YOUR GOAL: Write out, word for word, every line in the data below from the one containing "Умные часы Apple" to the one containing "slide 2 of 17, Solid", both of them included.

SUPPLIED INFORMATION:
────────────────

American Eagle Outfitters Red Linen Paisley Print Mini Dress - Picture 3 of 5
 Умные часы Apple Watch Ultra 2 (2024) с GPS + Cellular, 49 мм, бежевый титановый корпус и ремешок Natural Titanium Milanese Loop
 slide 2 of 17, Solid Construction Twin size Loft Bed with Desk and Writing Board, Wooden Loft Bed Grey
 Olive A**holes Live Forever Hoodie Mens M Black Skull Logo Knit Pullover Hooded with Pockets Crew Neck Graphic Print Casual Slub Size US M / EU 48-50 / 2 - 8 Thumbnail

────────────────

EXERCISE SOLUTION:
 Умные часы Apple Watch Ultra 2 (2024) с GPS + Cellular, 49 мм, бежевый титановый корпус и ремешок Natural Titanium Milanese Loop
 slide 2 of 17, Solid Construction Twin size Loft Bed with Desk and Writing Board, Wooden Loft Bed Grey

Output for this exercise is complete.